Pero es invitado a la corte para que pueda con su poesía consolar el ánimo del rey Saúl, apesadumbrado por la infidelidad a Dios y atormentado por un espíritu maligno. El hijo del rey, Jonatán, ha oído hablar de la valentía de este joven poeta que inventa sus propios instrumentos.
En la corte se convertirá en un guerrero. Da pruebas de valentía y de tener a Dios de su parte. El célebre episodio de la victoria contra Goliat representa la entrada en el número de los héroes del pueblo y de la corte. Durante diez años estará David al servicio del rey como soldado. La hija del rey, Mikal, se enamora de él y el rey se la concede a David en matrimonio. Entre tanto el pueblo empieza a preferir a David y murmura que él ha matado a más de diez mil filisteos, mientras que Saúl “sólo” a matado a mil. Esto, unido a otras cosas, hace que surja en Saúl la sombra de la envidia. Está abatido por el presentimiento del fin, que le ha sido preanunciado por el profeta Samuel. Después de las bodas, según un plan secreto de Saúl, David debe morir. Pero el plan es desbaratado por el amor de Mikal. David se ve sin embargo obligado al exilio y se separa de su querido amigo Jonatán.
El tiempo del exilio
El tiempo del exilio estará repleto de batallas, traiciones, hechizos, de nuevos y numerosos hijos, de emboscadas secretas para hacer comprender a Saúl que él no le odia, hasta el punto de perdonarle la vida dos veces.
Los dos libros de Samuel en el Antiguo Testamento relatan este periodo cautivador. Mientras, Saúl vive su amargo declinar, abandonado progresivamente por “su” profeta, por Dios y por el pueblo. David, después de haber pasado algunos años en el exilio y d spués de haber llorado la muerte suicida de su rey Saúl al término de una batalla perdida y de Jonatán, puede ser rey. Él tiene consigo el Arca de la Alianza, que lleva finalmente a Jerusalén, la ciudad que establece como capital. En este momento sucede uno de los episodios más significativos. David avanza “danzando con todas sus fuerzas” ante el Arca, desnudo y contento. La primera mujer, Mikal, se siente contrariada por esto y le reprocha su indigno papel. Pero él le responde que ha bailado para Dios y no se preocupa del juicio de los conservadores como ella, sino del de su pueblo, que ama al Señor. La imagen del rey y poeta que baila permanecerá para siempre en la iconografía.
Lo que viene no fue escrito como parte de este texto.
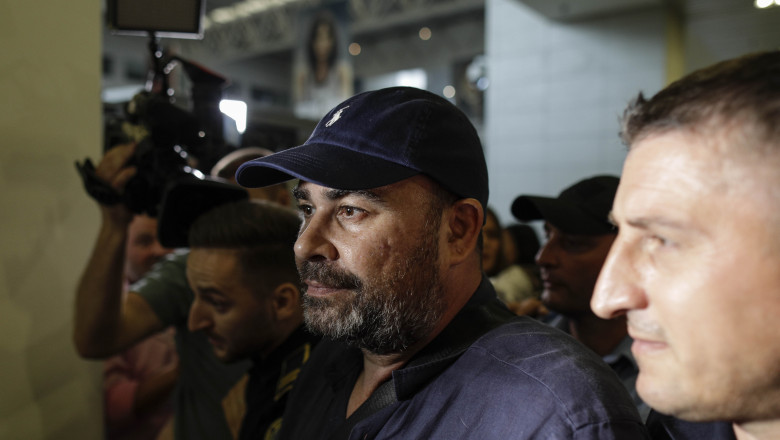 Fostul ministru de Finanţe și primar al Slatinei, Darius Vâlcov, a fost adus în țară pentru a-și ispăși pedeapsa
Su gratitud hacia Dios se pone de manifiesto en las grandes palabras de los Salmos y en las que pronuncia cuando entra en Jerusalén: “¿Quién soy yo, señor mío Yahveh, y qué mi casa, que me has traído hasta aquí? Y aun esto es poco a tus ojos, señor mío, Yahveh, que hablas también a la casa de tu siervo para el futuro lejano... Señor Yahveh. ¿Qué más podrá David añadir a estas palabras? Tú me tienes conocido, Señor Yahveh. Has realizado todas estas cosas grandes según tu palabra y tu corazón, para dárselo a conocer a tu siervo. Por eso eres grande, mi Señor Yahveh... ¿Qué otro pueblo hay en la tierra como tu pueblo Israel a quien un dios haya ido a rescatar para hacerle su pueblo, dándole renombre y haciendo en su favor grandes y terribles cosas...? Tú has constituido a tu pueblo Israel para que sea tu pueblo para siempre”.
El que pronuncia estas palabras es el mismo hombre que compuso el magnífico salmo 8. Habiendo entrado como rey en Jerusalén, David hace llamar al último descendiente de Saúl, el tullido y desgraciado Meribaal, único hijo de Jonatán que permanece con vida, y le invita a comer para siempre en su mesa. A pesar de las luchas y los odios, permanece en David el sentido de pertenencia a un pueblo, a su historia concreta.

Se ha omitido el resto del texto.